Mirando por la abierta ventana, y haciéndose una pantalla con la mano, Julián divisó a Perucho, que, sin sombrero, con la cabeza al sol, arrojaba piedras al estanque.
—Lo que no sucede en un año sucede en un día, Sabel—advirtió gravemente el capellán—. ¡No debe consentir que le emborrachen al chiquillo: es un vicio muy feo, hasta en los grandes, cuanto más en un inocente así! ¿Para qué le aguanta a Primitivo que le dé tanta bebida? Es obligación de usted el impedirlo.
Sabel fijaba pesadamente en Julián sus azules pupilas, siendo imposible discernir en ellas el menor relámpago de inteligencia o de convencimiento. Al fin articuló con pausa:
—Yo qué quiere que le haga.... No me voy a reponer contra mi señor padre.

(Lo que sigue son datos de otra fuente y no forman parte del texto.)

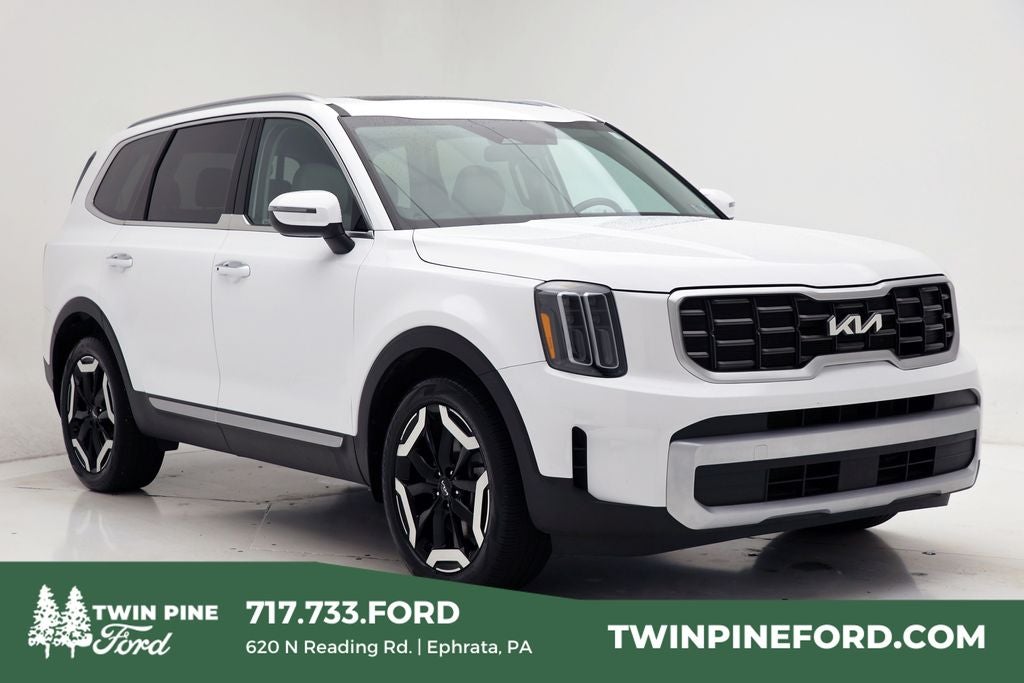 2023 Kia Telluride S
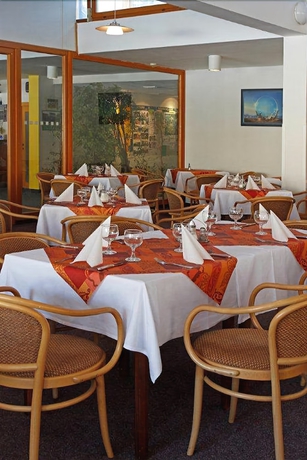 Imagen del bar/restaurante del Hotel Krakono&scaron;, Marianske Lazne. Foto 8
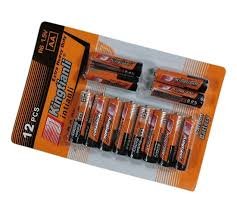 KINGTIANLI ALKALINE BATTERY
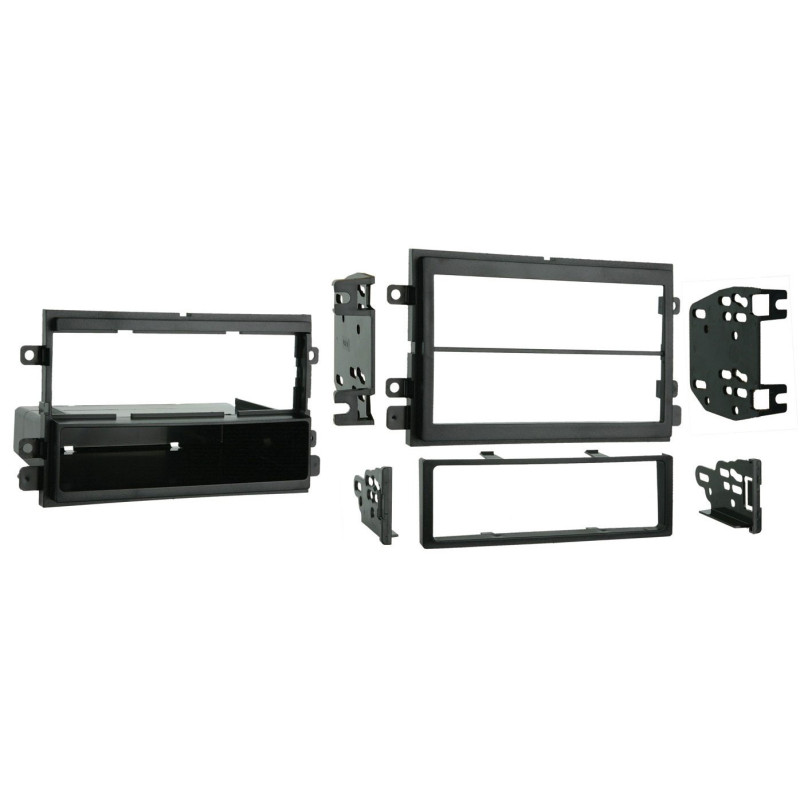 Ford Mustang 1, 2 DIN autórádió beszerel? keret (381114-18)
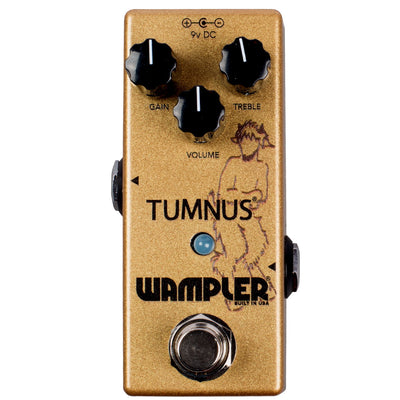 Wampler Tumnus Overdrive Pedal - 1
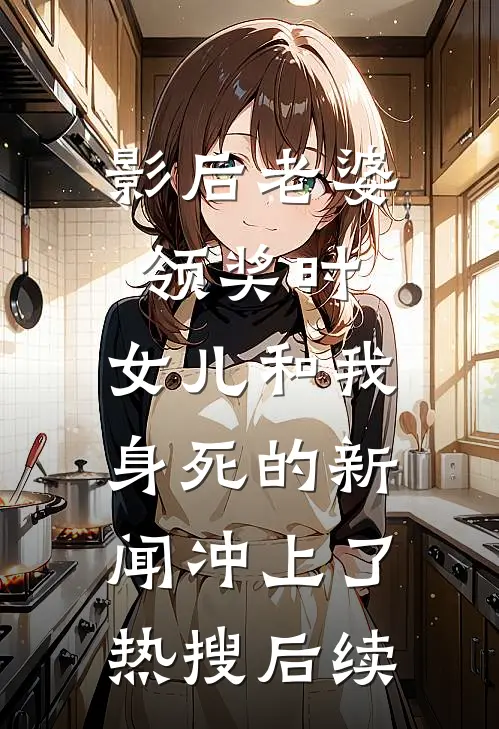 影后老婆领奖时，女儿和我身死的新闻冲上了热搜后续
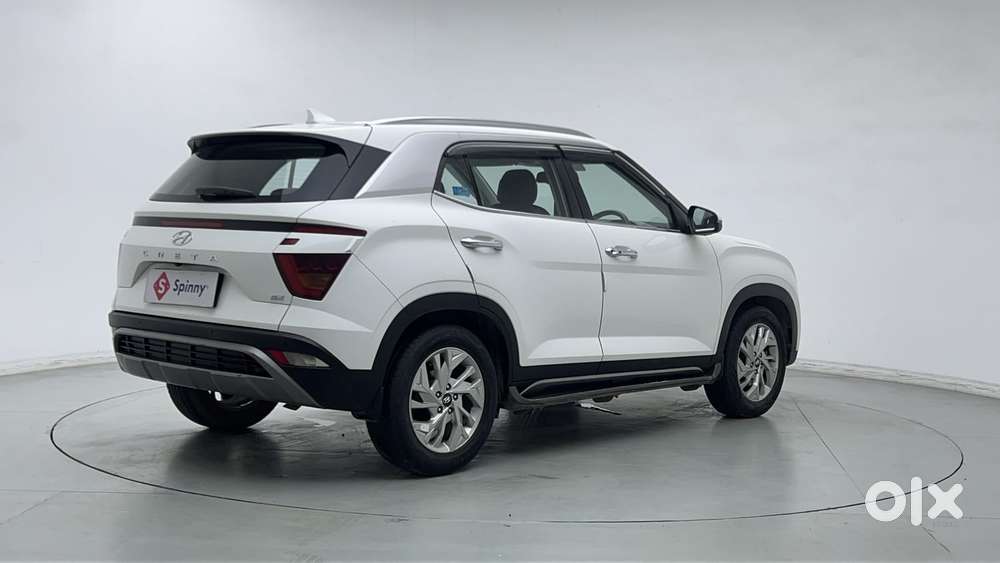 Hyundai Creta 1.5 Sx, 2021, Petrol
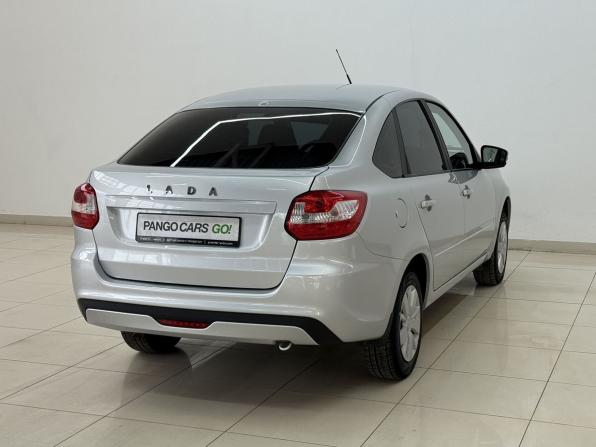 Lada (ВАЗ) Granta I Рестайлинг с пробегом 2022 года, цена 670 000 рублей, 114656 км, лифтбек, Автокод Объявления
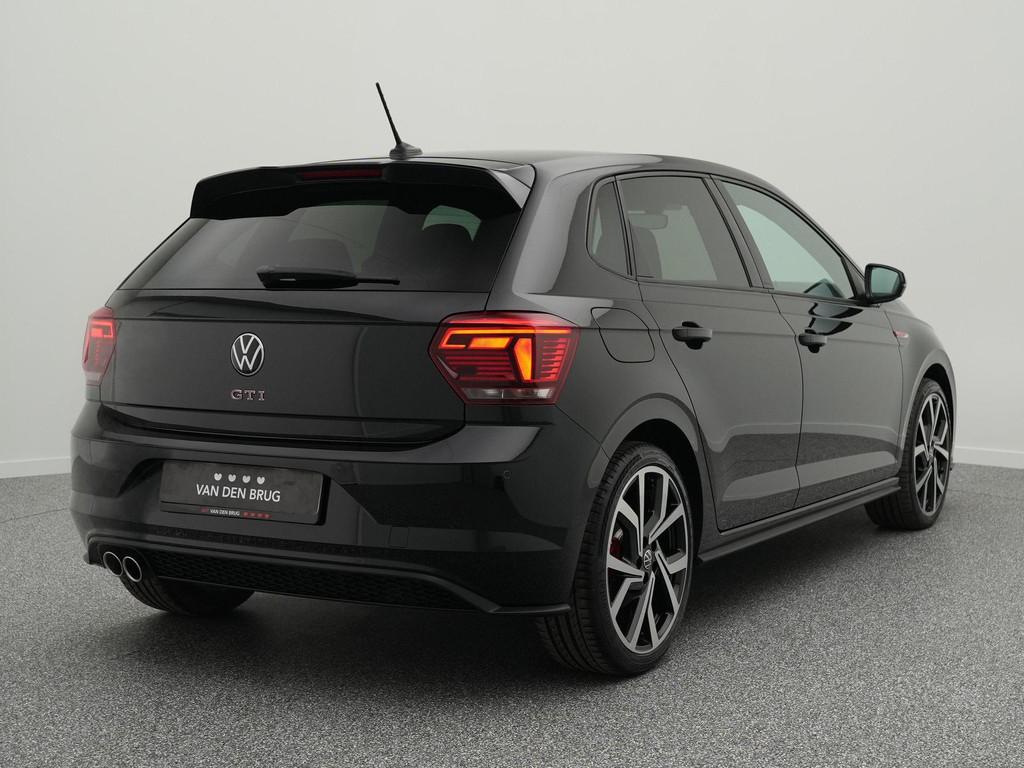 Volkswagen Polo GTI 2.0 TSI 207 PK DSG | LED | Navigatie | 1, Auto's, Stof, Gebruikt, 4 cilinders, 1984 cc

Julián calló un momento atónito. ¡De modo que quien había embriagado a la criatura era su propio abuelo! No supo replicar nada oportuno, ni siquiera lanzar una exclamación de censura. Llevóse la taza a la boca para encubrir la turbación, y Sabel, creyendo terminado el coloquio, se retiraba despacio, cuando el capellán le dirigió una pregunta más.
—¿El señor marqués anda ya levantado?
—Sí, señor.... Debe estar por la huerta o por los alpendres.
—Haga el favor de llevarme allí—dijo Julián levantándose y limpiándose apresuradamente los labios sin desdoblar la servilleta.
Antes de dar con el marqués, recorrieron el capellán y su guía casi toda la huerta. Aquella vasta extensión de terreno debía haber sido en otro tiempo cultivada con primor y engalanada con los adornos de la jardinería simétrica y geométrica cuya moda nos vino de Francia. De todo lo cual apenas quedaban vestigios: las armas de la casa, trazadas con mirto en el suelo, eran ahora intrincado matorral de bojes, donde ni la vista más lince distinguiría rastro de los lobos, pinos, torres almenadas, roeles y otros emblemas que campeaban en el preclaro blasón de los Ulloas; y, sin embargo, persistía en la confusa masa no sé qué aire de cosa plantada adrede y con arte. El borde de piedra del estanque estaba semiderruido, y las gruesas bolas de granito que lo guarnecían andaban rodando por la hierba, verdosas de musgo, esparcidas aquí y acullá como gigantescos proyectiles en algún desierto campo de batalla. Obstruido por el limo, el estanque parecía charca fangosa, acrecentando el aspecto de descuido y abandono de la huerta, donde los que ayer fueron cenadores y bancos rústicos se habían convertido en rincones poblados de maleza, y los tablares de hortaliza en sembrados de maíz, a cuya orilla, como tenaz reminiscencia del pasado, crecían libres, espinosos y altísimos, algunos rosales de variedad selecta, que iban a besar con sus ramas más altas la copa del ciruelo o peral que tenían enfrente. Por entre estos residuos de pasada grandeza andaba el último vástago de los Ulloas, con las manos en los bolsillos, silbando distraídamente como quien no sabe qué hacer del tiempo. La presencia de Julián le dio la solución del problema. Señorito y capellán emparejaron y alabando la hermosura del día, acabaron de visitar el huerto al pormenor, y aun alargaron el paseo hasta el soto y los robledales que limitaban, hacia la parte norte, la extensa posesión del marqués. Julián abría mucho los ojos, deseando que por ellos le entrase de sopetón toda la ciencia rústica, a fin de entender bien las explicaciones relativas a la calidad del terreno o el desarrollo del arbolado; pero, acostumbrado a la vida claustral del Seminario y de la metrópoli compostelana, la naturaleza le parecía difícil de comprender, y casi le infundía temor por la vital impetuosidad que sentía palpitar en ella, en el espesor de los matorrales, en el áspero vigor de los troncos, en la fertilidad de los frutales, en la picante pureza del aire libre. Exclamó con desconsuelo sincerísimo:
—Yo confieso la verdad, señorito.... De estas cosas de aldea, no entiendo jota.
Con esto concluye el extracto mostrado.